**Exercise goal:**
Extract the final stretch of the data: the line that contains "Rebeka - coffee-cream" and every line after it, unaltered, and no other lines.

=====

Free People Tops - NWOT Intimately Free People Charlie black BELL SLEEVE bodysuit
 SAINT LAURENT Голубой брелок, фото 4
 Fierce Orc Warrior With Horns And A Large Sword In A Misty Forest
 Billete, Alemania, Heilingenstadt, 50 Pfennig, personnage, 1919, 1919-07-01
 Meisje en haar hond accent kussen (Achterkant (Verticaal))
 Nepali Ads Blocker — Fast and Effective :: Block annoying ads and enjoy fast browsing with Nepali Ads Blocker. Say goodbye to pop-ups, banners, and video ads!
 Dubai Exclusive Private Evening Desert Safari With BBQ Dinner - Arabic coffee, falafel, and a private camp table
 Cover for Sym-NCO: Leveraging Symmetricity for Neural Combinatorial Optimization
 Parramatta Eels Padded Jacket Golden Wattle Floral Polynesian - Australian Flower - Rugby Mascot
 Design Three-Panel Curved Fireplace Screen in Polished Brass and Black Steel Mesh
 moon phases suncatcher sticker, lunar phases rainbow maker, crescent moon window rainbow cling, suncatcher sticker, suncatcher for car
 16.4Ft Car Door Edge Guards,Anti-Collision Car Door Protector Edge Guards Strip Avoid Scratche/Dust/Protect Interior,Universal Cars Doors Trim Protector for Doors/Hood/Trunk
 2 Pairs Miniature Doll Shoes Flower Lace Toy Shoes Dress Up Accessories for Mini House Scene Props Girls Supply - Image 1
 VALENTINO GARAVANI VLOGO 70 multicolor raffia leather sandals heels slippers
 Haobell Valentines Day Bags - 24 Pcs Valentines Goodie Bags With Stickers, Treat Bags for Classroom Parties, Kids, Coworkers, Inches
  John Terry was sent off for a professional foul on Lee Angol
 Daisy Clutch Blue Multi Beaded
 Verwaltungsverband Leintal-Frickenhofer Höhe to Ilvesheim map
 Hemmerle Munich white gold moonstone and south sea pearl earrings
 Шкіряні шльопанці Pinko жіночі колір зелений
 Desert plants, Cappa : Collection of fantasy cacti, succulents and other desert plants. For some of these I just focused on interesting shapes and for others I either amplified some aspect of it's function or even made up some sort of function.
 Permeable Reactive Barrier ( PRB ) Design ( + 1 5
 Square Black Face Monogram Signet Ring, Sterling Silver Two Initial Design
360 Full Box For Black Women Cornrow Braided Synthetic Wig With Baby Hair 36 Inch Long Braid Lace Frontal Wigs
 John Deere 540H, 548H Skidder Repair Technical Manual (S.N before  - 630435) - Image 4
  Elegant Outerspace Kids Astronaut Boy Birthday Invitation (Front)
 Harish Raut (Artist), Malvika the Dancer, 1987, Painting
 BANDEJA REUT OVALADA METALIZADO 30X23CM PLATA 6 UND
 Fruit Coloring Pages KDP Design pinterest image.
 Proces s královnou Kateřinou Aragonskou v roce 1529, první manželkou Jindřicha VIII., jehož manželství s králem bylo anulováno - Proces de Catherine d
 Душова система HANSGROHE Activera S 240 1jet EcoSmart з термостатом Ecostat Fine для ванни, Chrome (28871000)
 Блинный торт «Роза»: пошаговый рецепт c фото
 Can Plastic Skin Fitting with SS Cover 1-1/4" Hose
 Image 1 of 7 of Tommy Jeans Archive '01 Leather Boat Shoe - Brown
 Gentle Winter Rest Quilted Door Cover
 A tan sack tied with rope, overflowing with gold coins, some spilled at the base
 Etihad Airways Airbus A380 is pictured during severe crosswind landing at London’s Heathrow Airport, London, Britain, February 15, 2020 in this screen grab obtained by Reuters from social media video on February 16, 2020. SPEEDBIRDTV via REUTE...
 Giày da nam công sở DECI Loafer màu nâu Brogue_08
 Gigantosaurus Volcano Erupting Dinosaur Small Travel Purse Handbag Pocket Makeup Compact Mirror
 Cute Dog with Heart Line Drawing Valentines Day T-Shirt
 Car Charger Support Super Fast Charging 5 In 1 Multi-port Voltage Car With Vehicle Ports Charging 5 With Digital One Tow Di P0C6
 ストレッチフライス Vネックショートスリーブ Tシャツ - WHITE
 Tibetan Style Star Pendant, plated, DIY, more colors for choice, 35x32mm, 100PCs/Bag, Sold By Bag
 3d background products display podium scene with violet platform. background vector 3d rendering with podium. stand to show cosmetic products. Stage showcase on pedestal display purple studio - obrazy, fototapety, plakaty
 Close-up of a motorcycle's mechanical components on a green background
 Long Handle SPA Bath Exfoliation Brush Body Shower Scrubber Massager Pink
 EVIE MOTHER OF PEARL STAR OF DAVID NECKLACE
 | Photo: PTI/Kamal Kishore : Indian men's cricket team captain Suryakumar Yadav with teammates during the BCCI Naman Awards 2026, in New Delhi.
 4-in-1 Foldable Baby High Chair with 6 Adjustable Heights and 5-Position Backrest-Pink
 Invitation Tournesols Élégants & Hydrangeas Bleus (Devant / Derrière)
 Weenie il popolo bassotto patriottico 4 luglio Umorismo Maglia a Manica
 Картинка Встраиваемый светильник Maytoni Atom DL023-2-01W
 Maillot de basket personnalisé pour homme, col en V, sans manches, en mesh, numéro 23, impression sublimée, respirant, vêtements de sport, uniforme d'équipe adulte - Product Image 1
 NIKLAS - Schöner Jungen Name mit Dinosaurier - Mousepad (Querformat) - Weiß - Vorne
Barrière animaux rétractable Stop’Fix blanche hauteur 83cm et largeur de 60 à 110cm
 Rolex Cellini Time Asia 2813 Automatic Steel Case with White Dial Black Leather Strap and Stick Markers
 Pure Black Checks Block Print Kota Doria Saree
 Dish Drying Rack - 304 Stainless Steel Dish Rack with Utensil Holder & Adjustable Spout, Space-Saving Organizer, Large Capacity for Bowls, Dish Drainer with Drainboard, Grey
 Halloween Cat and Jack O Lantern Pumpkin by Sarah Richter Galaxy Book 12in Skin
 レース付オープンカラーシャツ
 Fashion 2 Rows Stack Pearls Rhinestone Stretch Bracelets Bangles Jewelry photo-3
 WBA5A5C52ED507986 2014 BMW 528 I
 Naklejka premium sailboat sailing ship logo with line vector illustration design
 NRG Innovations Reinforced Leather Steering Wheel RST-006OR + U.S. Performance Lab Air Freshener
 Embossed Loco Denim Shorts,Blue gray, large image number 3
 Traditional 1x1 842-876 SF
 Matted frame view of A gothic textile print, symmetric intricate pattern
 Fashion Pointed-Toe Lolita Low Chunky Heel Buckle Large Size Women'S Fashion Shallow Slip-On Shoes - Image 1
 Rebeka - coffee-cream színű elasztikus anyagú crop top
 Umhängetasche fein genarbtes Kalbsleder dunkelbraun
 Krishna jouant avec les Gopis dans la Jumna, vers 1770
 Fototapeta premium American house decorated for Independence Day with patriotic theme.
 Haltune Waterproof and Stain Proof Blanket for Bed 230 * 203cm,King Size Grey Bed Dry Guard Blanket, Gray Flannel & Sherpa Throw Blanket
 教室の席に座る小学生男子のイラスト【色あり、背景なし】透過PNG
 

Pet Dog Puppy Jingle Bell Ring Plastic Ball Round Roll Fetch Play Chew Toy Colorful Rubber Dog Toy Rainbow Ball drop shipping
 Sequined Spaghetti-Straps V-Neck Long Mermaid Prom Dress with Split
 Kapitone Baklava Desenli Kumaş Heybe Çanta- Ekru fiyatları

=====

**Response:**
 Rebeka - coffee-cream színű elasztikus anyagú crop top
 Umhängetasche fein genarbtes Kalbsleder dunkelbraun
 Krishna jouant avec les Gopis dans la Jumna, vers 1770
 Fototapeta premium American house decorated for Independence Day with patriotic theme.
 Haltune Waterproof and Stain Proof Blanket for Bed 230 * 203cm,King Size Grey Bed Dry Guard Blanket, Gray Flannel & Sherpa Throw Blanket
 教室の席に座る小学生男子のイラスト【色あり、背景なし】透過PNG
 

Pet Dog Puppy Jingle Bell Ring Plastic Ball Round Roll Fetch Play Chew Toy Colorful Rubber Dog Toy Rainbow Ball drop shipping
 Sequined Spaghetti-Straps V-Neck Long Mermaid Prom Dress with Split
 Kapitone Baklava Desenli Kumaş Heybe Çanta- Ekru fiyatları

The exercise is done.